▶ **PROBLEM REQUIREMENTS**
Copy out exactly the lines from the one with "HI license plate EZQ352" through the last line of the listing below, both included, but none of the pictures.

▶ **DATA FOR THIS TASK**
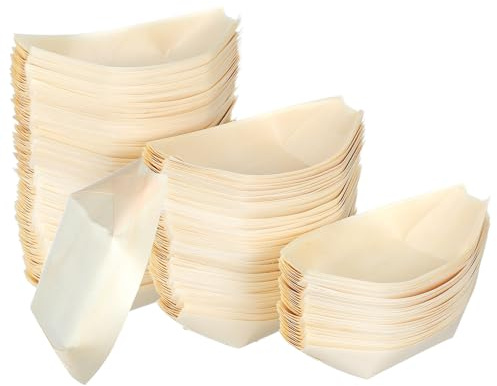 ZUNOXAZ Plateau de Service à Sushis en Bois 250 Pièces Assiettes Jetables de Bateau 135 X 77 CM Plateau Apéritif et Dessert pour Fêtes Présentation Japonaise Authentique et Pratique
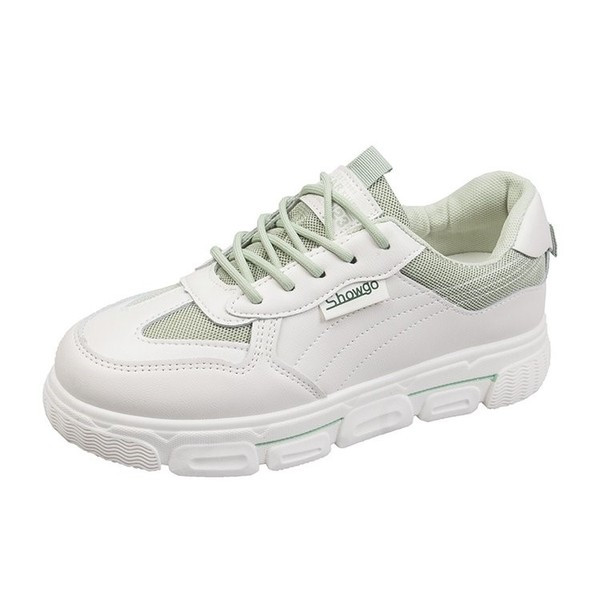 Γυναικεία casual λευκά αθλητικά παπούτσια από οικολογικό δέρμα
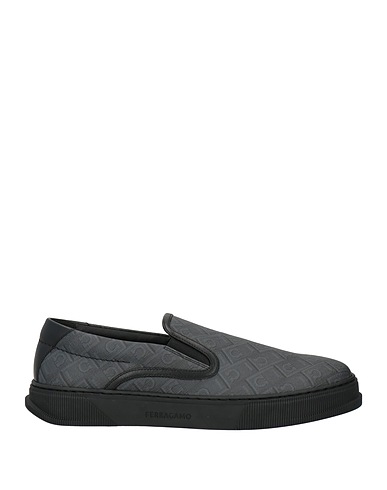 FERRAGAMO Sneakers Braungrau Kalbsleder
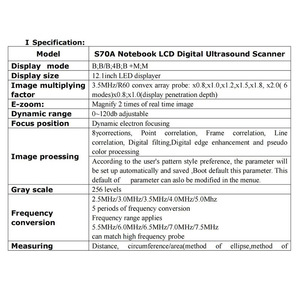 Sistema de Ultrasonido Veterinario Portátil 70A con Certificación CE, Instrumento de Diagnóstico de Cuerpo Completo, Alimentación Eléctrica, Origen Sichuan - Product Image 3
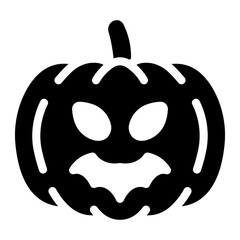 jack o lantern glyph icon
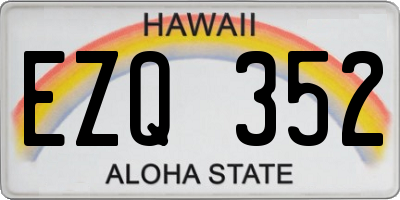 HI license plate EZQ352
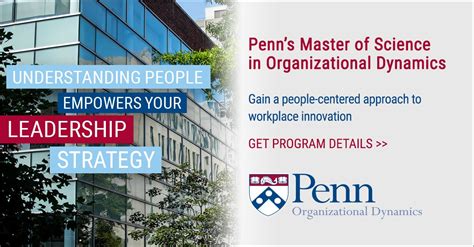 Organizational Dynamics Programs Penn Lps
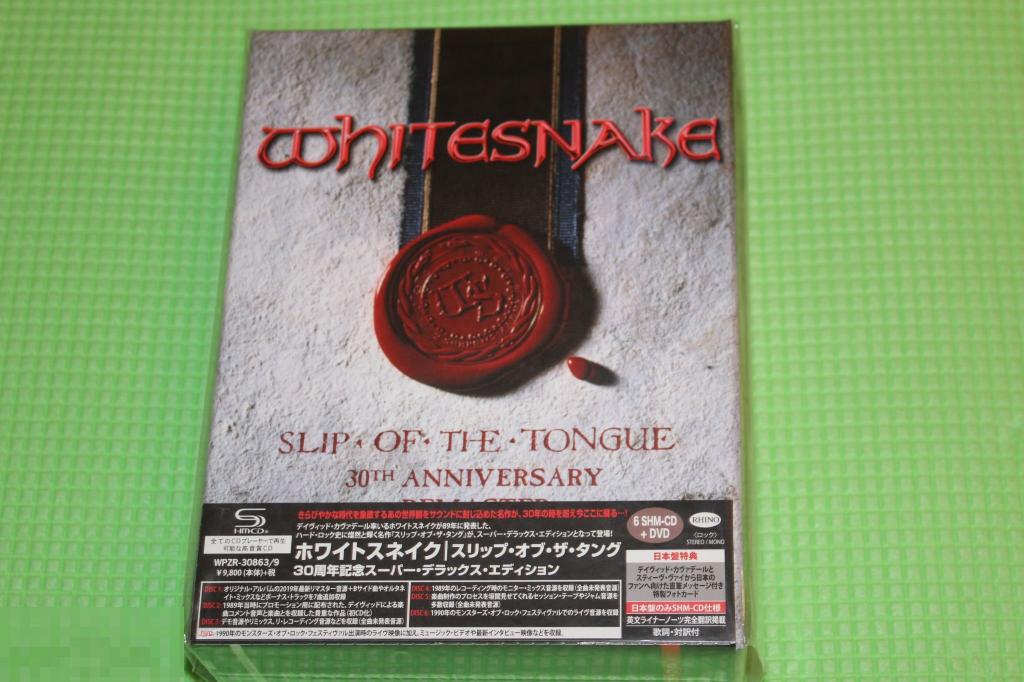 Whitesnake / Slip of the Tongue 89 / Japan SHM 6CD+DVD BOX + POSTCARD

▶ **THE COMPLETED TASK**
 HI license plate EZQ352
 Organizational Dynamics Programs Penn Lps
 Whitesnake / Slip of the Tongue 89 / Japan SHM 6CD+DVD BOX + POSTCARD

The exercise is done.